I think I'm working on Holly's new cage Friday.  I have the grids, just haven't had time to sit down and piece it all together.


----------



## Meeky242 (Oct 26, 2011)

Can i borrow Hugh? Only for....about....forever? And then you can have him back!  He's such a squish! And that look from Holly? Same look i get from my cats when i give them forced love


----------



## SunnyCait (Oct 28, 2011)

Last night I was reaching over Hugh's cage to grab a blanket that sits on top of it, and he THREW himself at the side of the cage so I would reach down and pet him! I spent 5 minutes just running my hands over him while he stood on his hind legs. He's such a lover boy. <3

Holly on the other hand is started to respond to her name. Sometimes. When I have apple chips.  Progress!


----------



## SunnyCait (Oct 30, 2011)

Halloween 2011, my roommate and I went to a costume party as our rabbits. 
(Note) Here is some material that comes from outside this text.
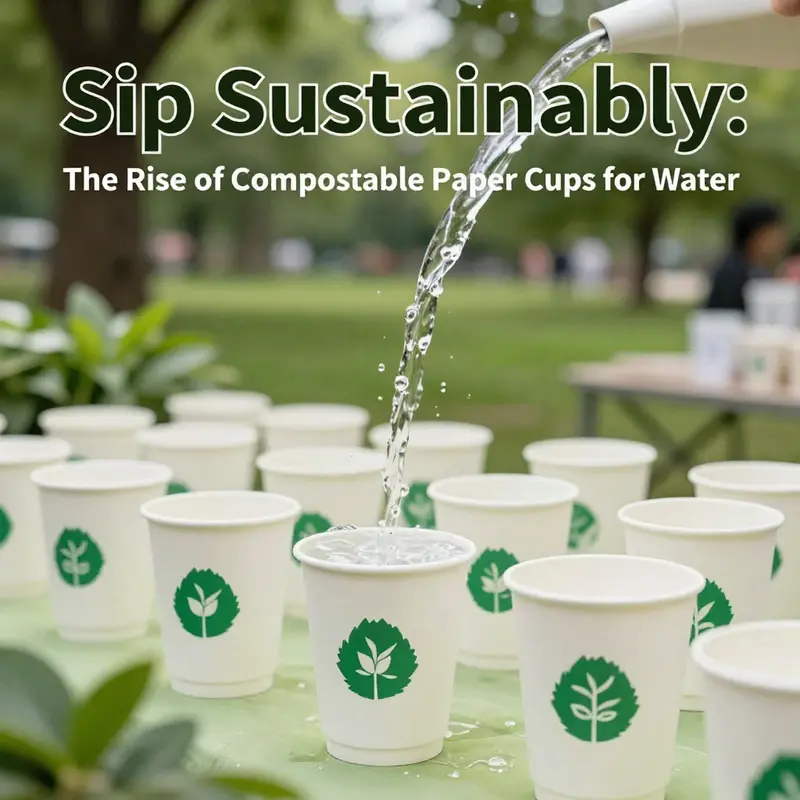 Compostable paper cups for water showcased in a natural setting, highlighting their eco-friendly benefits.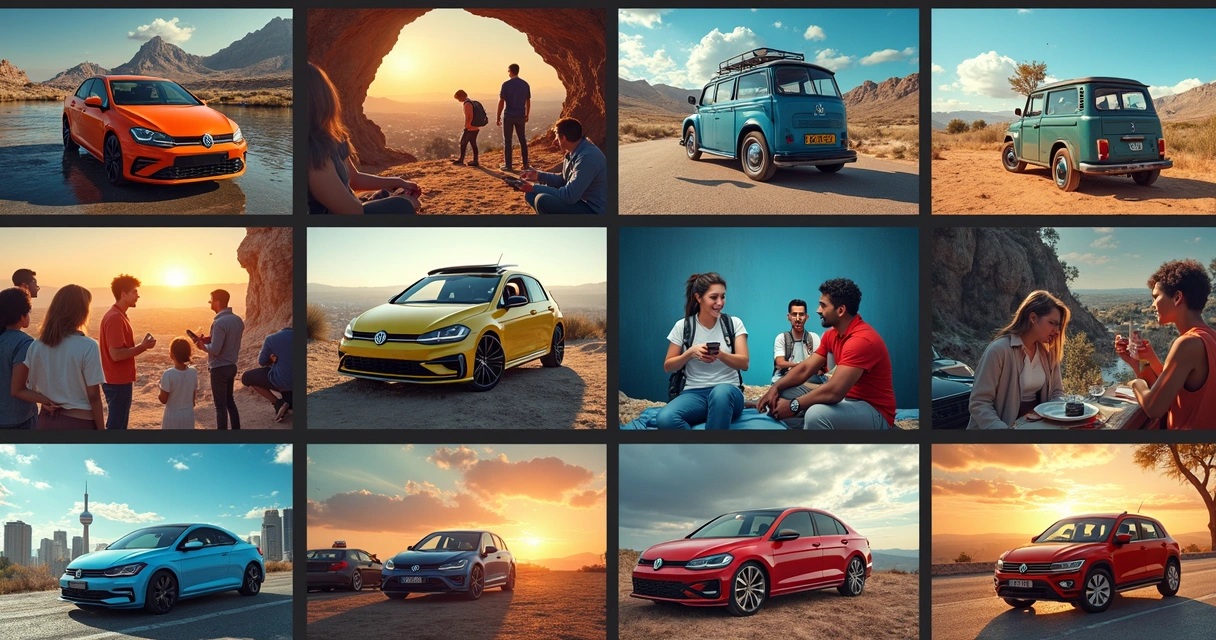 Colagem de campanhas autênticas da Nike e Volkswagen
Me and Holly (can you see how pleased she is?? LMAO)





The four of us... Hugh was flattered. Holly far less so.





It was a great idea until it was a total Legally Blonde moment. Yeah. No one else was wearing costumes. And it was a "girls' night" party. Slightly completely mortifying but whatever I suppose. Who doesn't dress up when the invite says costume party, that's all I want to know.


----------



## SunnyCait (Nov 1, 2011)

More Halloween pics...











Holly and Karly hating life, Hugh not caring at all. Their personalities show through here rather well.





Everyone hating life again





Oh and Hugh did this the other day... He was wrapped in his blankie.
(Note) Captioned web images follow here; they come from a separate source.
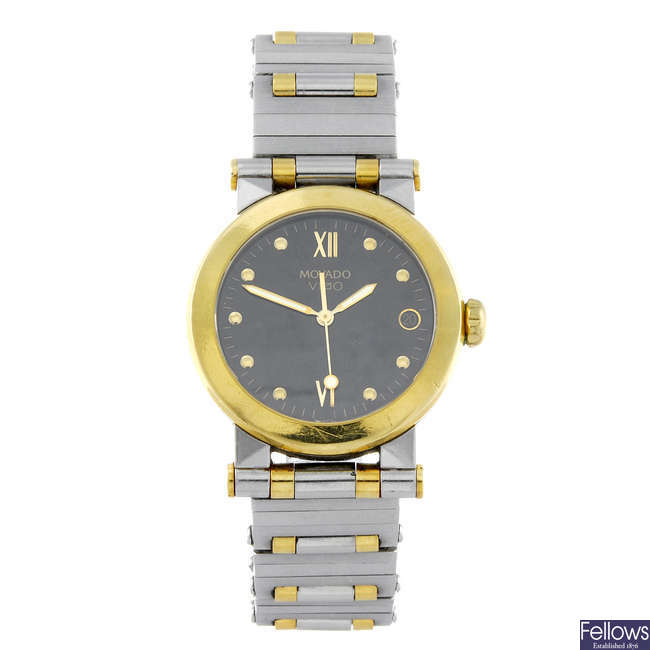 MOVADO - a mid-size bi-colour Vizio bracelet watch.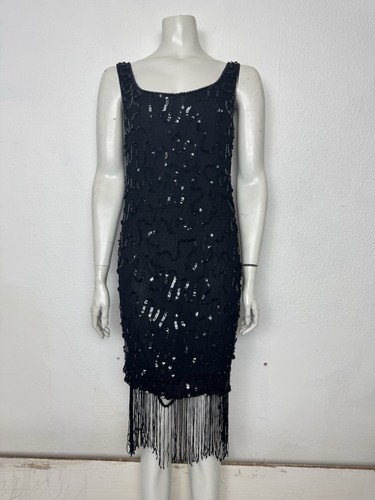 Vintage 90s Black Sequin Tassel Fringe Flapper Style 20s Gatsby Dress Size 10 - Picture 2 of 7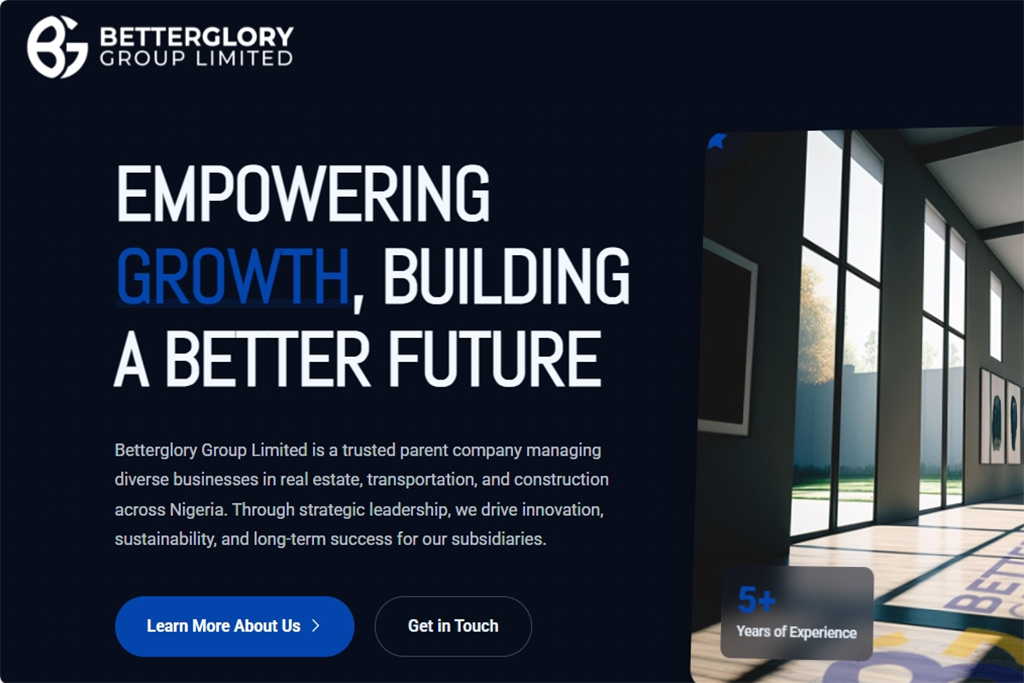 Screenshot of the Betterglory Group Limited website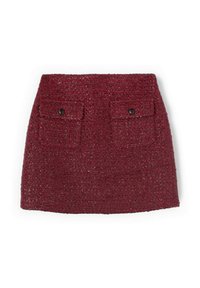 Rode minirok van tweed met een gestructureerd oppervlak, twee voorzakken met zwarte knopen, en een aansluitende pasvorm.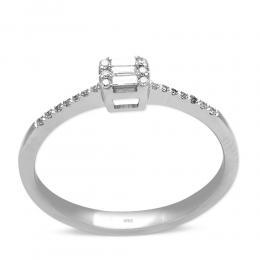 0,12 ct Diamant Baguette-Schliff Ring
"Get that flashy thing away!"


----------



## bunnychild (Nov 2, 2011)

ADORABLE! i kno how you feel about forced love both my mini satins hate it when i pet them it is either because i am used to holland lops or it is in their breed.


----------



## SnowyShiloh (Nov 2, 2011)

Aw sorry you were embarrassed about being the only one in costume! Your costume looks great  And your roommate's is hilarious too, love it. How funny that Holly and Karly look annoyed but the actual bunny stuffed in the pumpkin doesn't mind. And Hugh wrapped in the blankie is soooooo cute!


----------



## MarisaAndToby (Nov 2, 2011)

Are those just plain ol metal coloured NIC panels?!? WHERE!!


----------



## SunnyCait (Nov 4, 2011)

Hugh is just SO placid, I'm pretty sure I could have left him in the pumpkin all night and he wouldn't have minded. He's very laid back like that. Holly on the other hand had to be wrangled LMAO. I love my ying ang yang fluffybums. <3


Haha shiloh! It wasn't too bad... It was my first time meeting all of them so it was a bang up first impression, but I've seen a few of them sense and no one seemed to really care LMAO! 
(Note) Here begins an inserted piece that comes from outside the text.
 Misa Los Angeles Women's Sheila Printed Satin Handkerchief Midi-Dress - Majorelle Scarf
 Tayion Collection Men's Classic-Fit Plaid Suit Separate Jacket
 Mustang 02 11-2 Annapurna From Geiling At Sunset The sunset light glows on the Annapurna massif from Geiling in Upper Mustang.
Marisa, yep!! Not sure where they came from because they came with Hugh... He's probably had that cage for years so I'm not sure where you can find the plain metal ones. I do like the looks of the plain metal more than the powder coated ones.


----------



## LakeCondo (Nov 4, 2011)

You have some great pictures, SunnyCait. Maybe you'd like to make one or more [it'd be hard to choose, though] into a refrigerator magnet, poster, etc. The site I've found for this [though so far I've stuck with their designs] is zazzle.com. Again, love the pictures. Hugh seems great; I just hope he gets more exercise. Can you put his food where he has to climb up a step to get it?


----------



## MagPie (Nov 4, 2011)

OMG Hugh in that pumpkin! So CUTE!

haha I'd totally rabbit nap him. Well probably not. Really.


----------



## SunnyCait (Nov 6, 2011)

Hugh is not overweight. He's compact and built stocky as his breed should be. If he looks fat it's because he's wedged into a pumpkin shell. 

LOL Magpie, you'll have to get in line!!


----------



## MagPie (Nov 6, 2011)

Hahaha I bet. He looks like such a love. I have a cat that's like that. I put mini sunglasses on him and he ate up the attention. I put those same sunglasses on my other cat and oh the look I got haha. He hated me.


----------